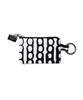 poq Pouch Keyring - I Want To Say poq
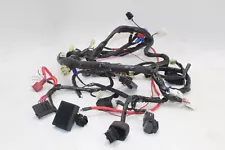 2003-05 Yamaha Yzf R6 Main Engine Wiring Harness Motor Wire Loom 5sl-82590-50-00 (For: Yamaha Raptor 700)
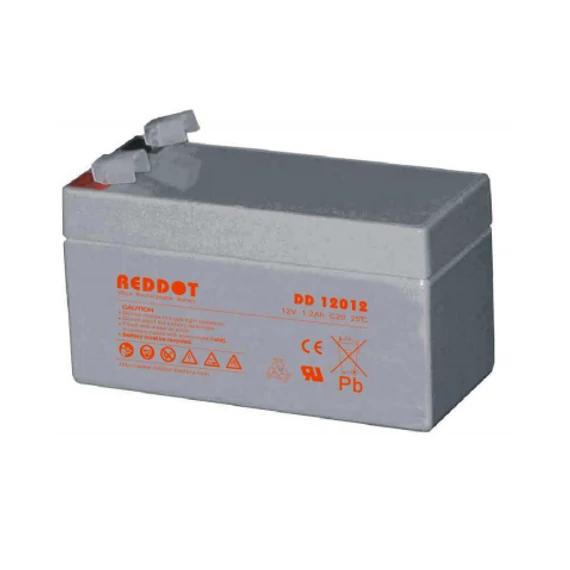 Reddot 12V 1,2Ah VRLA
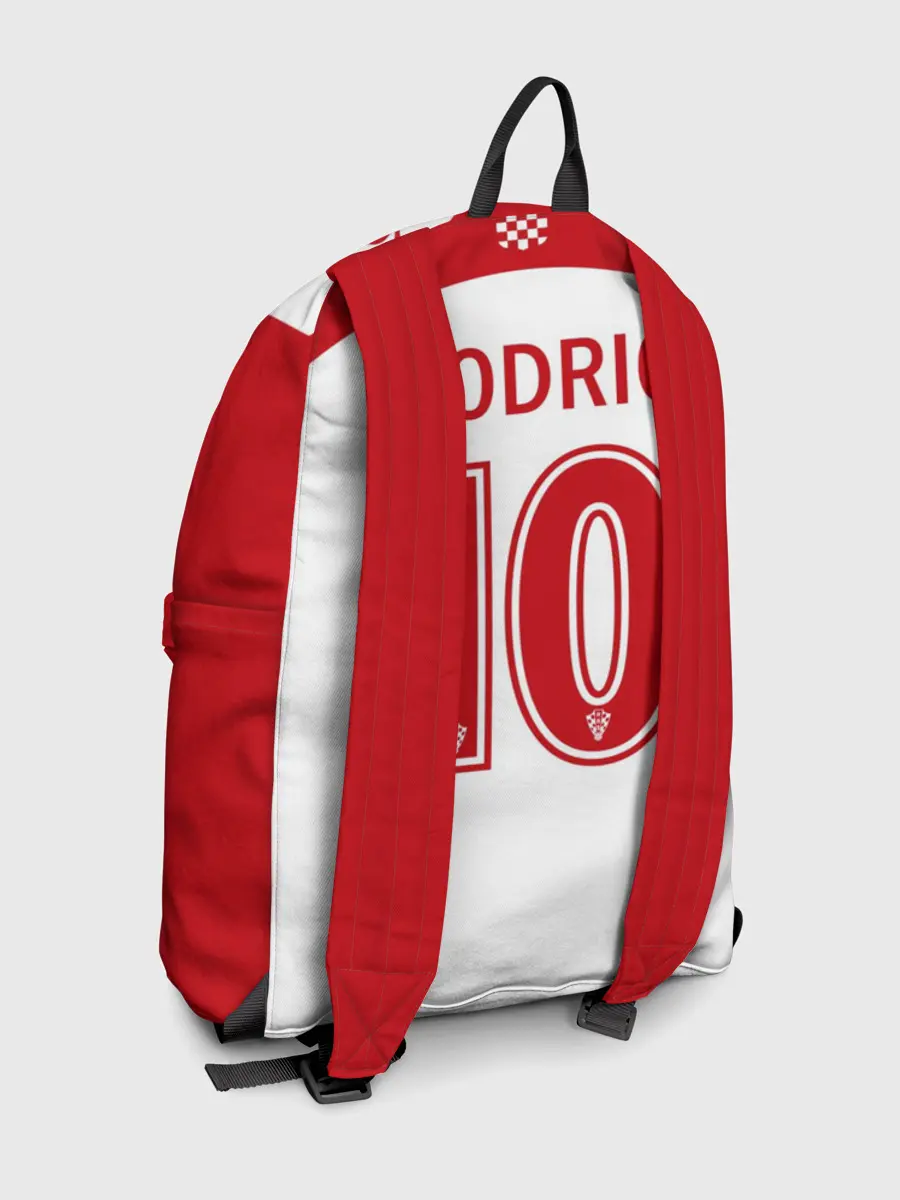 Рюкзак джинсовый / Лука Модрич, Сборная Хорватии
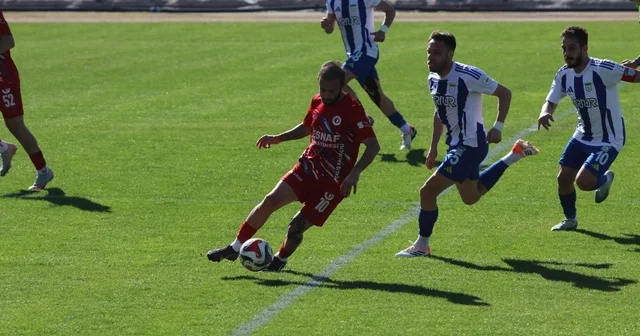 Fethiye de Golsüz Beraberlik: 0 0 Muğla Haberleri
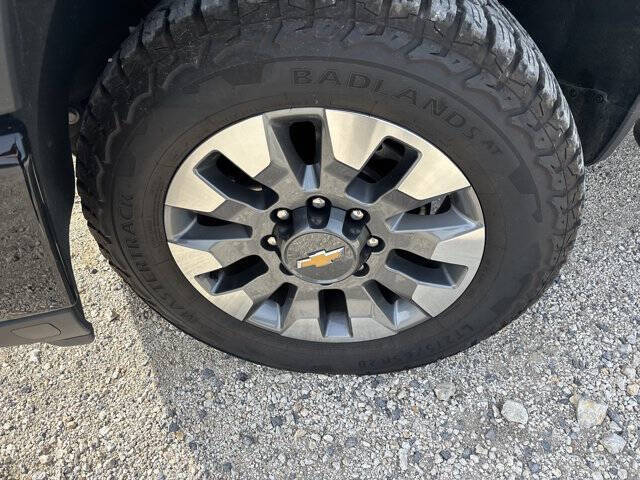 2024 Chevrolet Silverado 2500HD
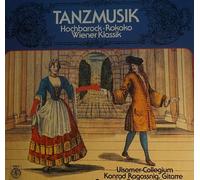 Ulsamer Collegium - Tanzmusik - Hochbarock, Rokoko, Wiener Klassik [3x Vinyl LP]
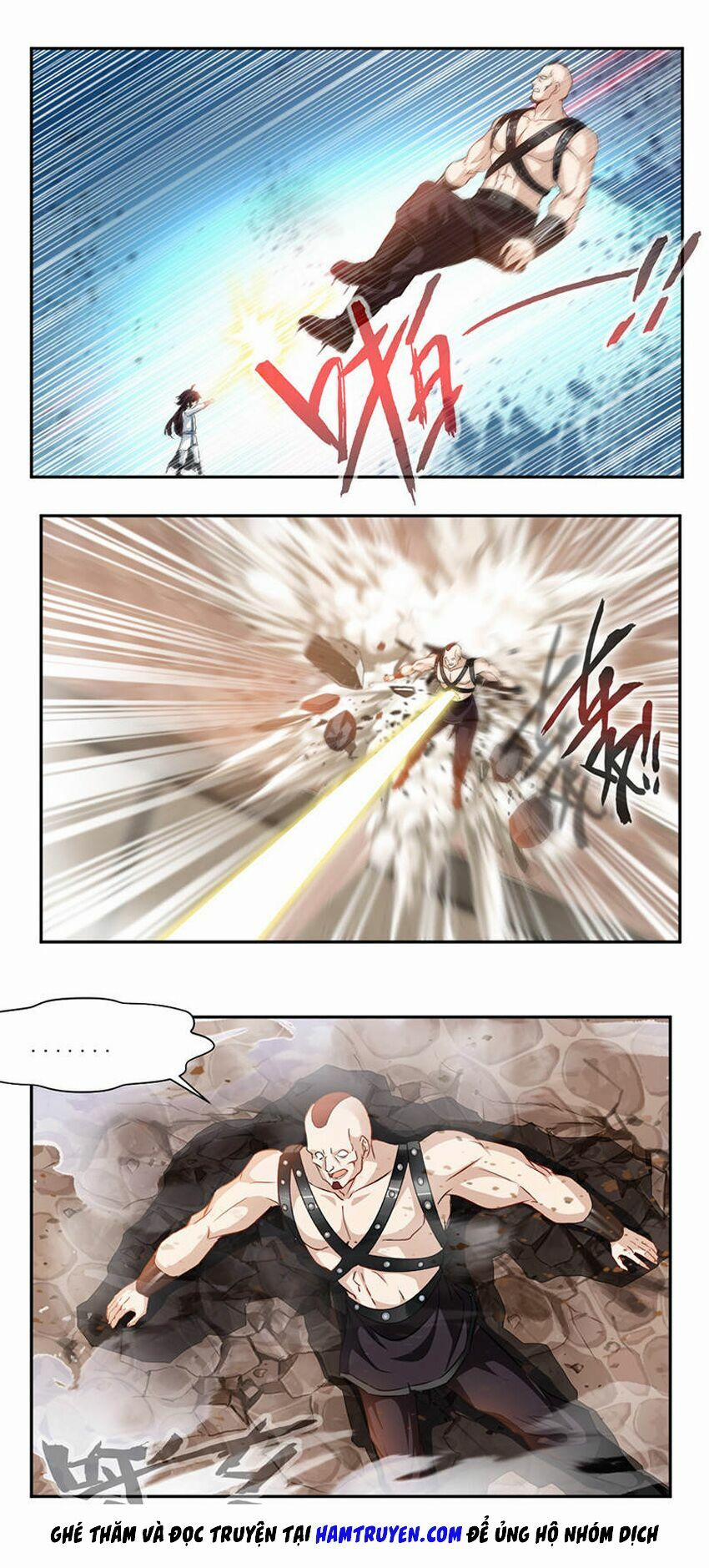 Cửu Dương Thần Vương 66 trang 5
* * *
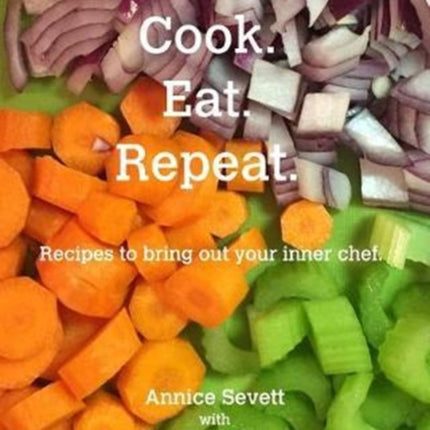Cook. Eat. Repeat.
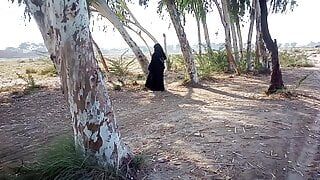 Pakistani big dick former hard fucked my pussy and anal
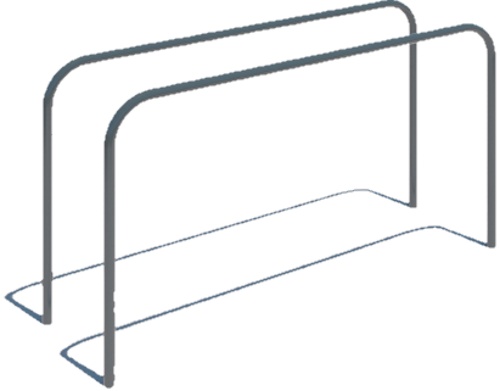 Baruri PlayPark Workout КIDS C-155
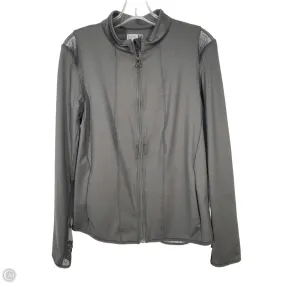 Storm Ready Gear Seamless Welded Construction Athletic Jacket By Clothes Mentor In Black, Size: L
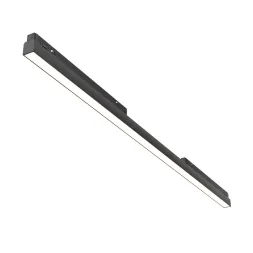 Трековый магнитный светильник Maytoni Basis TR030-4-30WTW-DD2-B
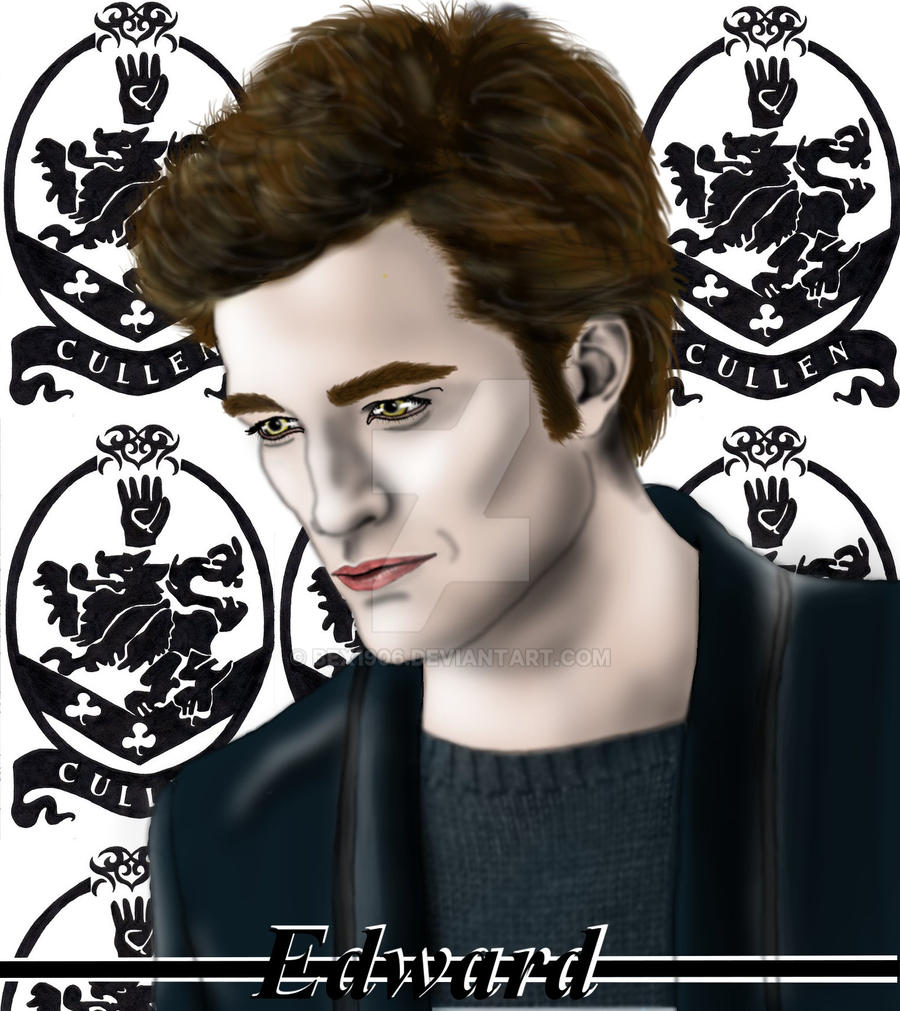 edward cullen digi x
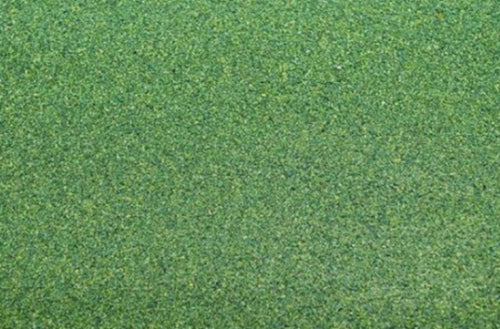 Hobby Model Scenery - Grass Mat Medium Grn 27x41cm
--
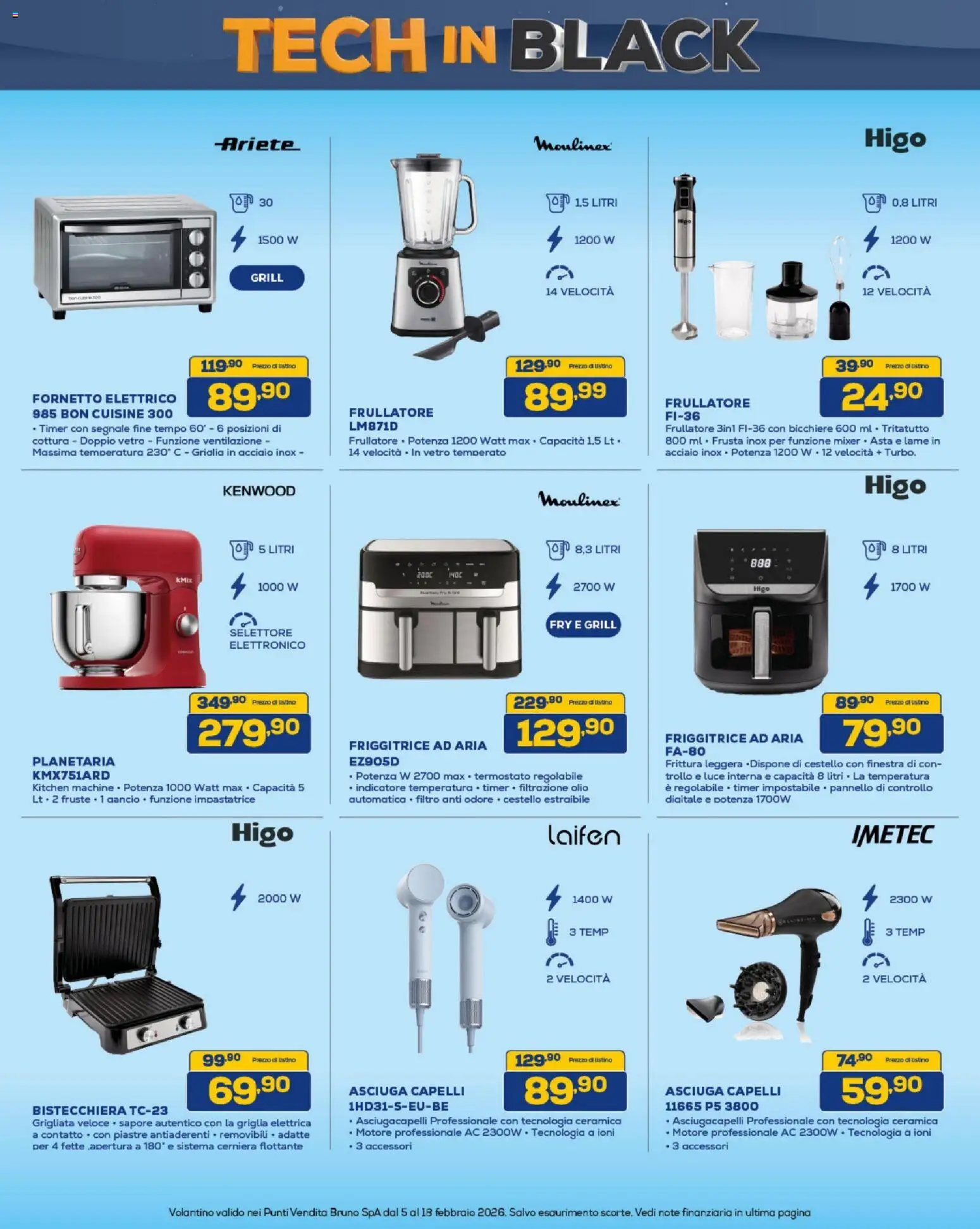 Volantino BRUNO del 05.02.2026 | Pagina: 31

▶ _Problem_:
Above are records with pictures. Reproduce exactly only the lines from the line with "poq Pouch Keyring - I Want To Say poq" through the line with "Cửu Dương Thần Vương 66 trang 5", both ends included, and leave the pictures out.

▶ _Solution to the problem_:
 poq Pouch Keyring - I Want To Say poq
 2003-05 Yamaha Yzf R6 Main Engine Wiring Harness Motor Wire Loom 5sl-82590-50-00 (For: Yamaha Raptor 700)
 Reddot 12V 1,2Ah VRLA
 Рюкзак джинсовый / Лука Модрич, Сборная Хорватии
 Fethiye de Golsüz Beraberlik: 0 0 Muğla Haberleri
 2024 Chevrolet Silverado 2500HD
 Ulsamer Collegium - Tanzmusik - Hochbarock, Rokoko, Wiener Klassik [3x Vinyl LP]
 Cửu Dương Thần Vương 66 trang 5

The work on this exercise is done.